South African dancer, rapper and social media personality (1996/1997–2025)

Junior King (born Dugulth Ferreira; 1996 or 1997 – 11 December 2025) was a South African dancer, TikTok personality, rapper and choreographer known for his energetic performances and contributions to Afrikaans hip hop culture. He rose to national fame through social media platforms, where his dance videos and music collaborations garnered wide attention.

== Early life ==
Junior King was born in Gqeberha, Eastern Cape, South Africa. He displayed a passion for dance from a young age and later founded dance groups while mentoring young performers in his community.

== Career ==
Junior King first gained widespread popularity through TikTok and other social media platforms, where his high-energy dance style helped popularise Amapiano choreography. Junior King collaborated with South African musicians and dancers, gradually building a significant online following.
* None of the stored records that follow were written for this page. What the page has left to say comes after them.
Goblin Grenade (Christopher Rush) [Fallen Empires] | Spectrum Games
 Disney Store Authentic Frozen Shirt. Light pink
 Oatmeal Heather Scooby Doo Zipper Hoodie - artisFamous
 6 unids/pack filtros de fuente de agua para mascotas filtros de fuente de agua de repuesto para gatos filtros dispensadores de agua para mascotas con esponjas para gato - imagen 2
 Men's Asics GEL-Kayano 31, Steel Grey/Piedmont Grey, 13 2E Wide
Expanding into music, he became recognised in the Afrikaans hip hop scene, producing hits such as Die Getto, Stalaza, and tracks with Kay Medusa (Kayla Pieters). His 2025 release, The Revenge Album, further elevated his presence in the industry.

Junior King's artistry combined dance, music, and storytelling. His work contributed to the growing popularity of Afrikaans rap, while his public persona inspired youth audiences across South Africa.

== Personal life and death ==
Junior King was a father and often featured aspects of family life in his online presence.

On 11 December 2025, Junior King died in a head-on collision between his vehicle and a light truck on the N1 near Verkeerdevlei in the Free State.Two children travelling with him and another passenger survived with moderate injuries. His death prompted widespread tributes across the South African entertainment community.